We have been so lucky with our late summer vegetables this year. The tomatoes aren’t as sweet as the height of summer so they work really well being cooked. This is a light tasty one pot dinner using up the last bits of summer vegetables. The chorizo adds a really nice smokiness and meaty flavour. I like flavour so I added some spices into mine but dried herbs would work just as well to make it more Provençal.
Ingredients (serves 2)
- 4 chicken thighs
- 3 small cooking chorizo, sliced
- 2 banana shallots, peeled and finely sliced
- 2 garlic cloves, peeled and finely chopped
- 1 good tsp of ground cumin
- 1 level tsp turmeric
- 1/2 tsp chilli flakes
- 1/4 tsp seas salt and fresh pepper
- 1 medium to large courgette, cut into cubes
- 6-8 cherry vine tomatoes, halved
- 250ml good quality chicken stock
Directions
- Heat a lidded frying pan over a medium heat add the chorizo and fry for a couple of minutes on each side until they brown and release their oils. Once done place on some kitchen paper leaving the oils in the pan. Put the pan back on the heat, add the chicken and brown all over, set aside with the chorizo.

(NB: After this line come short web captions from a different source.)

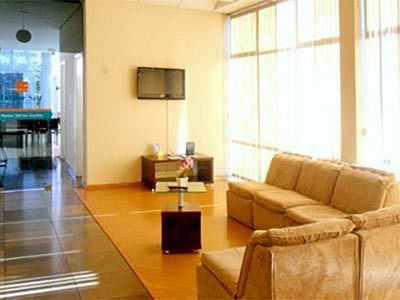 Vivendas Centro 3*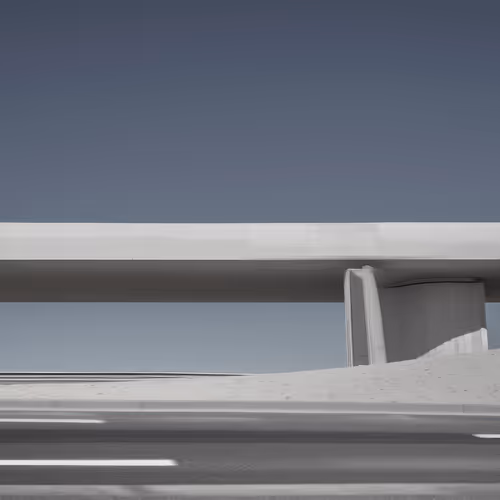 Liminal Emptiness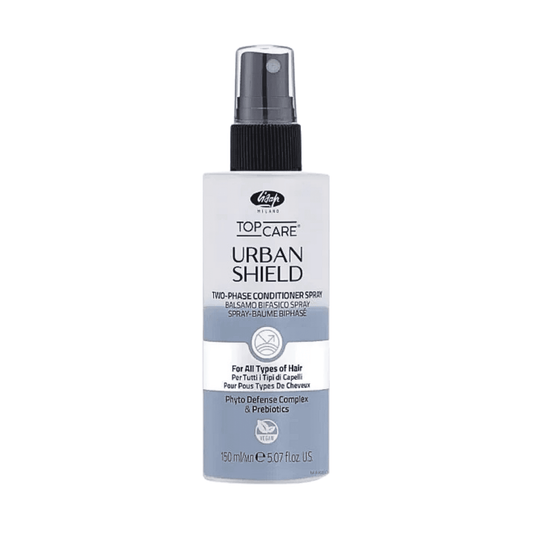 Spray bifazic Anti poluare, URBAN SHIELD, LISAP MILANO, 150 ml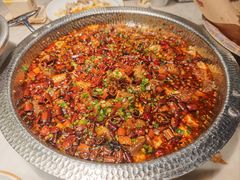 -辛香汇·锦里丨现炒川菜(中南城店)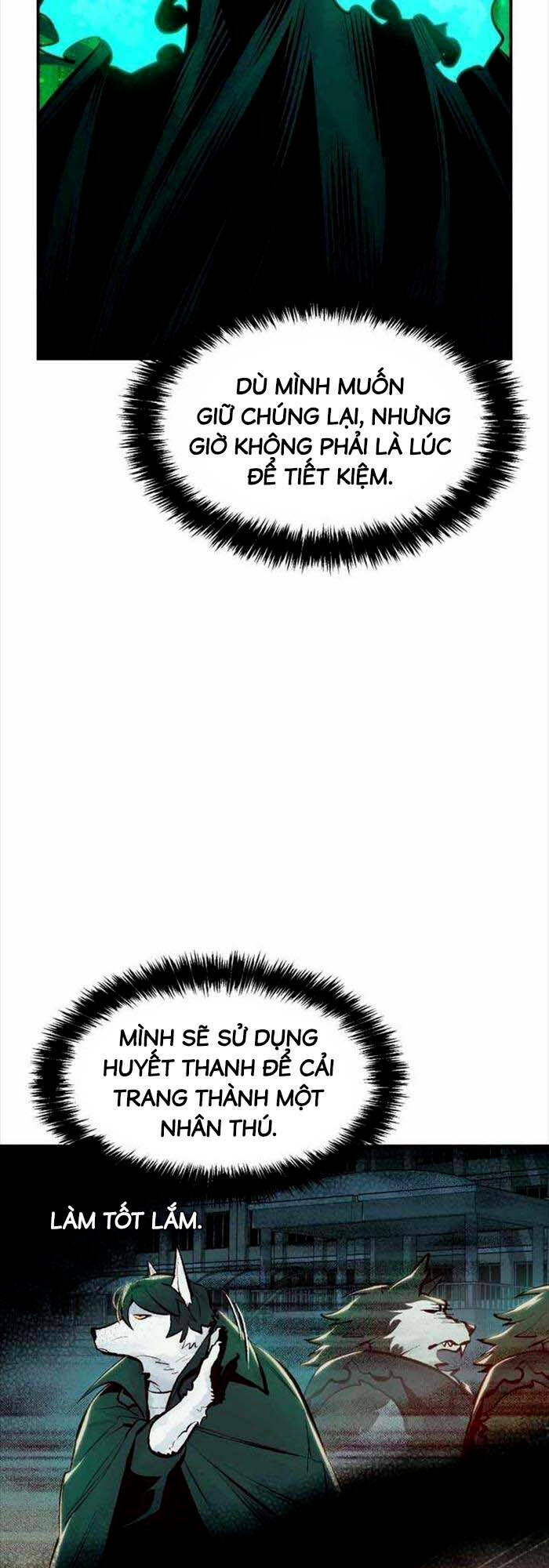 Độc Cô Tử Linh Sư - Chapter 97 - Page 7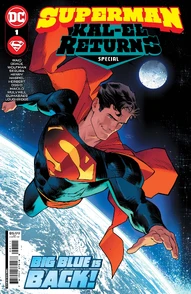 Superman: Kal-El Returns Special (2022)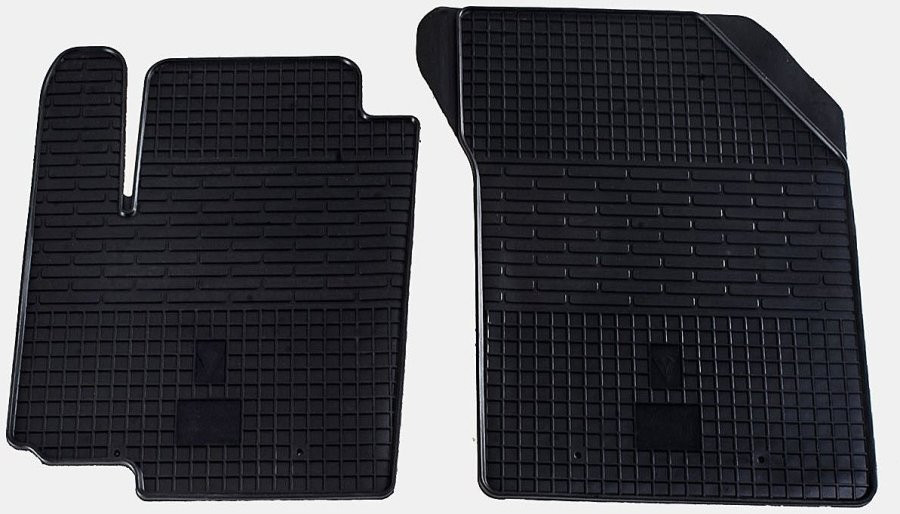Коврики в салон для Suzuki SX4 05-,13-/Swift 05-/Fiat Sedici 06- (передние - 2 шт) 1021012, Черный
Коврики в салон для Suzuki SX4 05-,13-/Swift 05-/Fiat Sedici 06- (передние - 2 шт) 1021012, Черный
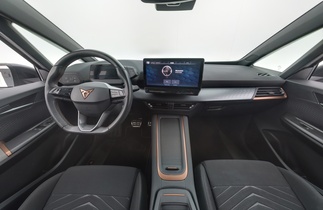 Cupra Born vaihtoauto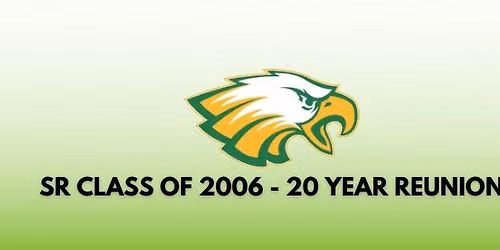 Santa Rita C\/O 2006 H.S Reunion \ud83d\udc9a\ud83d\udc9b\ud83e\udd85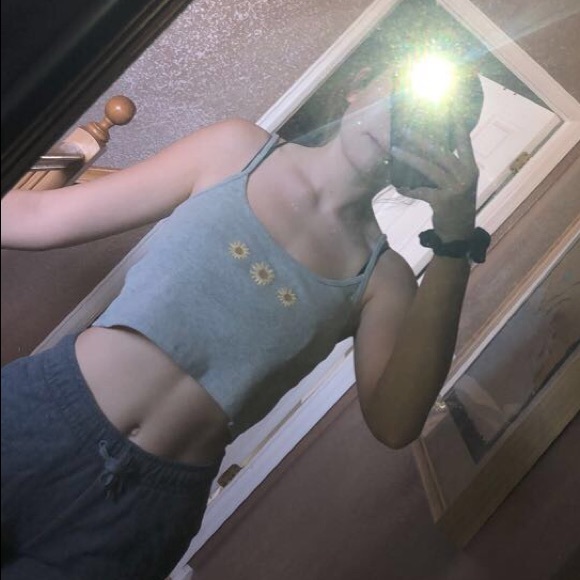 Tank Top - Picture 3 of 3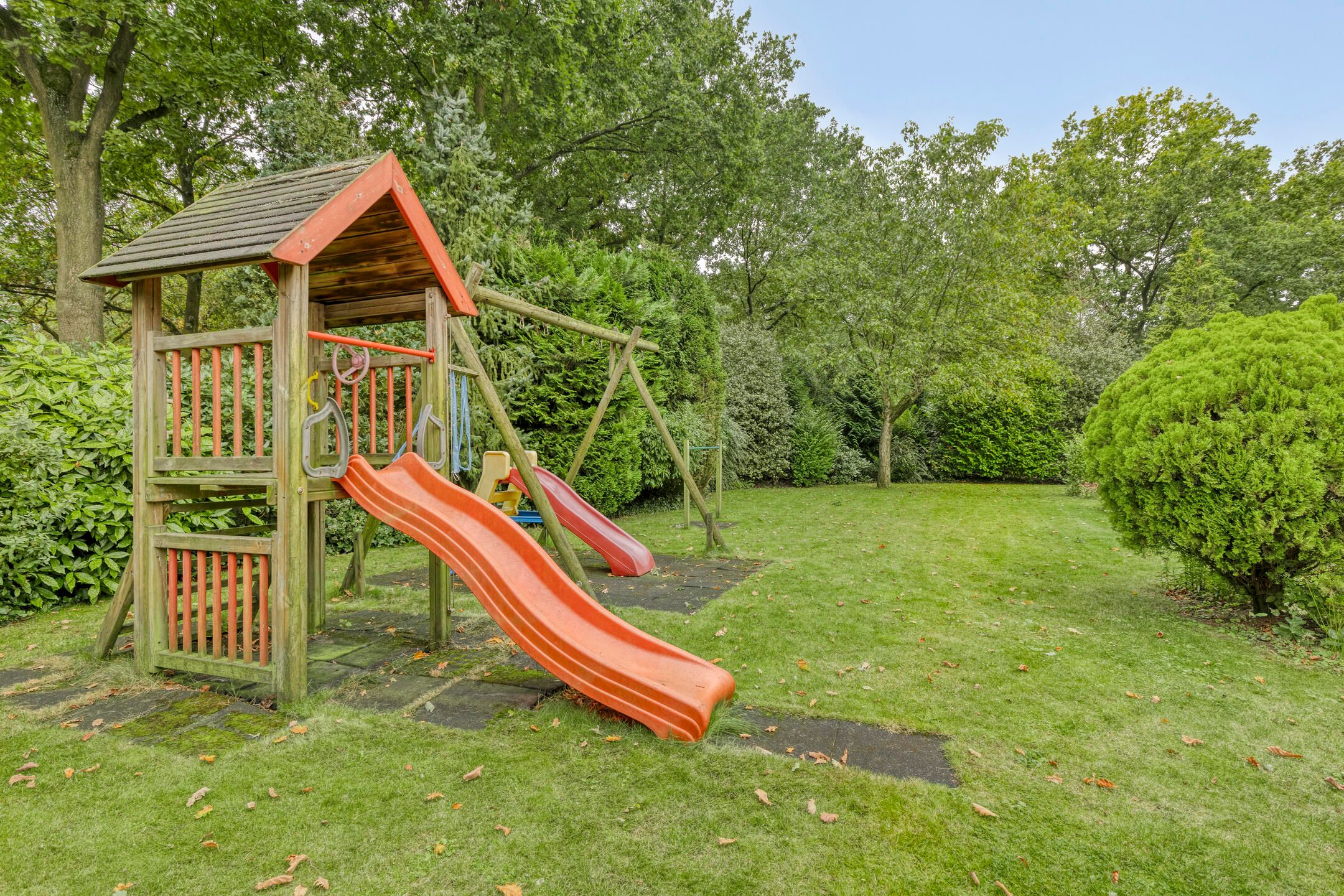 Foto 42 van Stoffels 101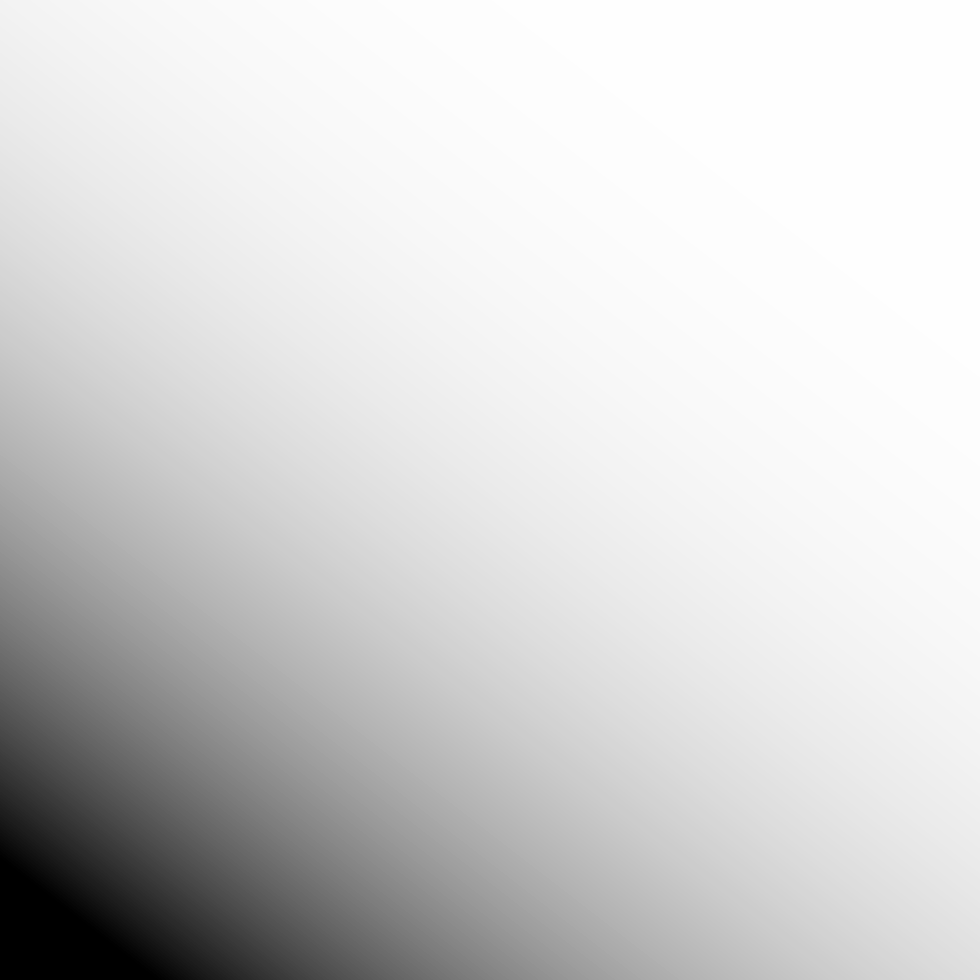 black corner gradient png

- If you need too add a drizzle of oil to the pan, add the shallots and cook for 3-4 minutes or until they have softened. Add the garlic and cook for another couple of minutes.
- Next add the spices, seasoning and courgettes and fry off for a minute or so.
- Add in the chicken, chorizo and tomatoes and pour in the stock. Bring to the boil, then reduce to a simmer. Put the lid on the pan and simmer for 20-25 minutes or until the chicken juices run clear. Serve between 2 serving bowls and enjoy.